* [What the task requires] Once you reach the line with "Tornado Watch and Warning Differences" in the material below, copy each line exactly up to and including the line with "Samsung DP515A2GK01US user", and skip the pictures.

* [Data section]
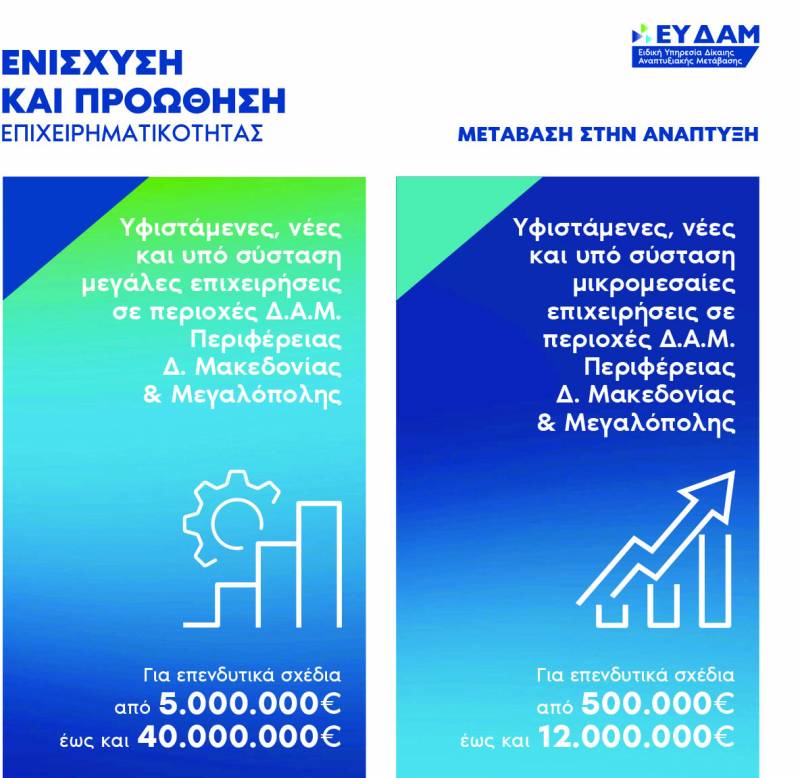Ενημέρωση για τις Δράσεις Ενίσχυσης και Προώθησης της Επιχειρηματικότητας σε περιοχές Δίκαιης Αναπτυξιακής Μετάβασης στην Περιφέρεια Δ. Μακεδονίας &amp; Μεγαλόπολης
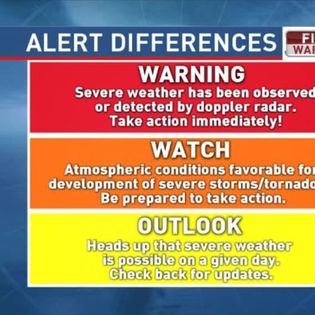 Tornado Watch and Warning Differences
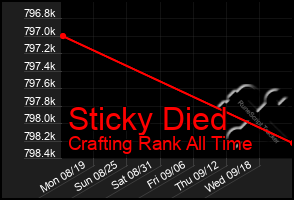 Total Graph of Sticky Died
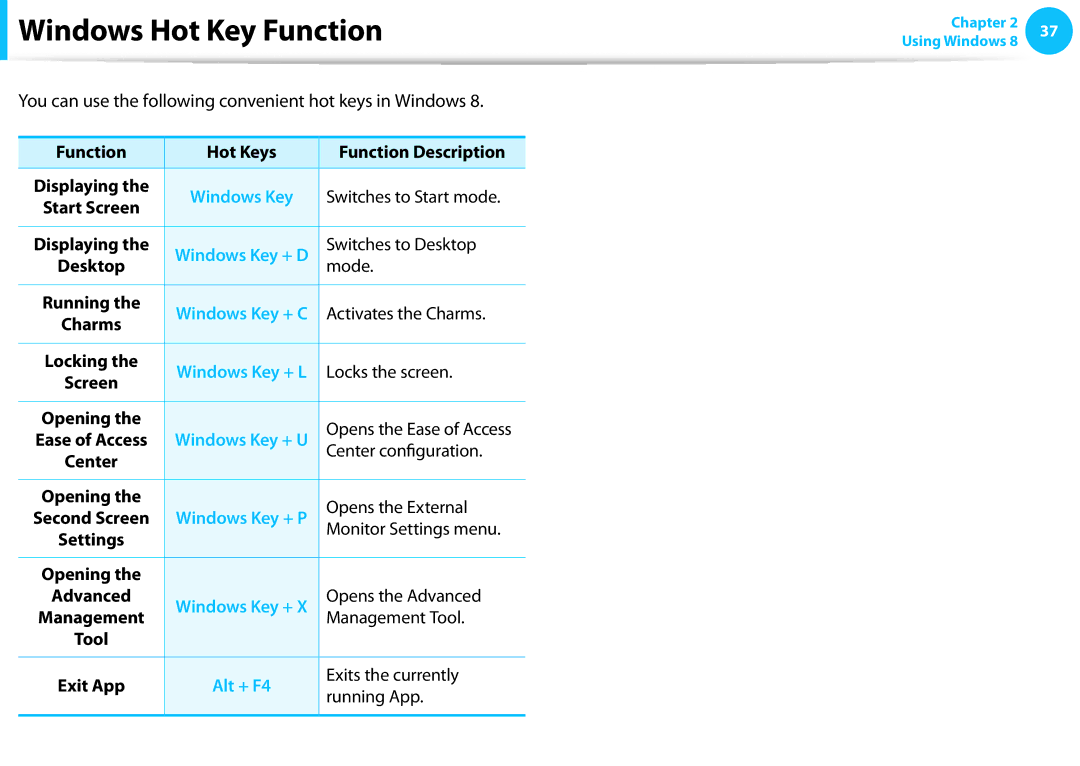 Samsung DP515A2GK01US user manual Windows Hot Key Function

...

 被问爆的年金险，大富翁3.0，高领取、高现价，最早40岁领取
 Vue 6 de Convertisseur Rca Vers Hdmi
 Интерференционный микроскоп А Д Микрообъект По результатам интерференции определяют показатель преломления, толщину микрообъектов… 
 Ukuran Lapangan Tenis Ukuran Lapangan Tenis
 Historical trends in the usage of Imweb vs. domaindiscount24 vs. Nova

* [Task result]
 Tornado Watch and Warning Differences
 Total Graph of Sticky Died
 Samsung DP515A2GK01US user manual Windows Hot Key Function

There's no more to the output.